1 "The market rules"…..except when it doesn\’t. Any and every economist accepts, even insists, that markets do not provide the optimal outcome in all cases. As I\’ve pointed out above this is true for public goods: even the most viciously right wing (or "neo-liberal" if you prefer) would include defence, the criminal justice system and almost all (Larry Lessig perhaps excluded) would accept copyright and patents as at least one valid way to correct what would be a pure free market and non-optimal outcome (others like Dean Baker have different ideas of how to do this but almost all agree that the pure free market outcome is non-optimal).
The argument is not that all markets all the time produces an optimal outcome. It is not over whether interventions can improve upon market outcomes. It is only over *when* do interventions improve upon market outcomes. Again, as I mention above, the existence of externalities leads to "neo-liberals" not only accepting but actually campaigning for certain interventions: as with the London Congestion Charge.
2) "Stable equlibrium". No, we do not argue that there is a stable equilibrium.
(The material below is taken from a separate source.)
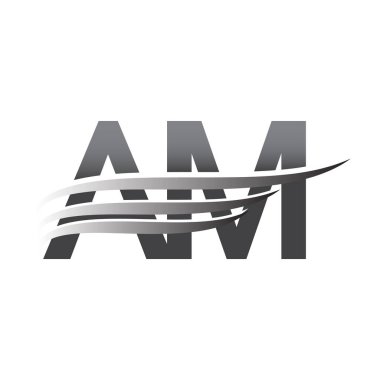 Initial AM wing logo, grey color vector logotype, logo for company name business and company identity.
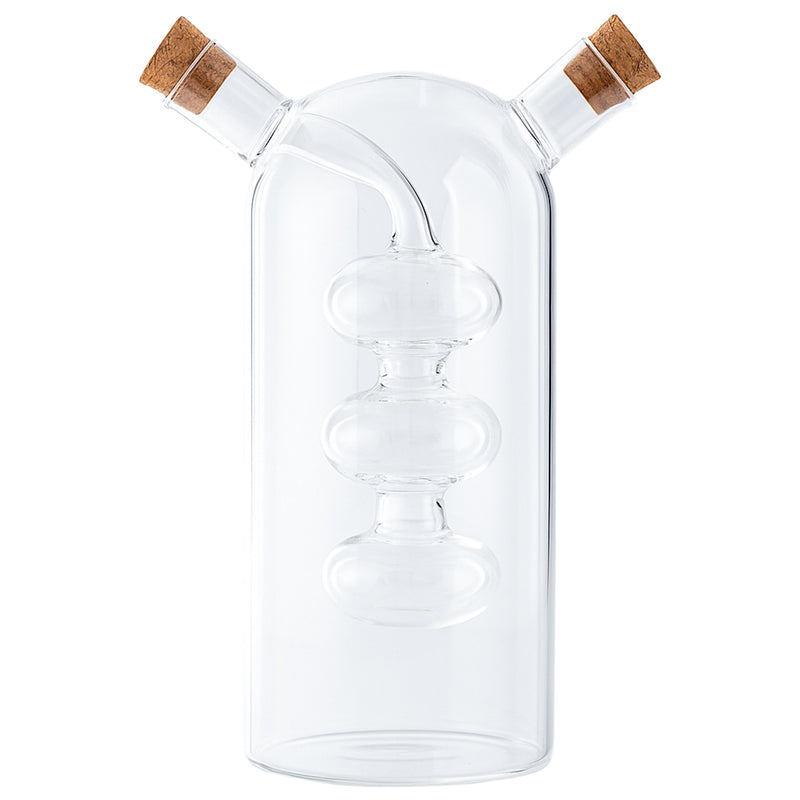 REGENT GLASS OIL AND VINEGAR DISPENSER WITH CORK STOPPERS, 350ML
Technology changes, desires change, thus there is not and will not be a stable equilibrium.
3) "Gifts of nature are free (and should be free)". No, we do not argue so. See above. Certainly, when demand for a gift of nature is below the sustainable supply we argue that there is no problem with it being treated as free. But we are the very people who argue that a price has to be put on those gifts when demand exceeds sustainable supply. Again, see above.
4) "Profit maximising is what business is all about". Yes, this is the one you\’ve got correct. But there are provisos of course. For example, only profit maximising where one is indeed taking account of externalities (again, see above). For a business maximises profit in the long term by servicing the desires of consumers. And that is what it really is all about, how best to organise the various resources available to as to maximally (to the extent which is possible at current levels of technology) satisfy the desires of, to maximise the utility of, the population.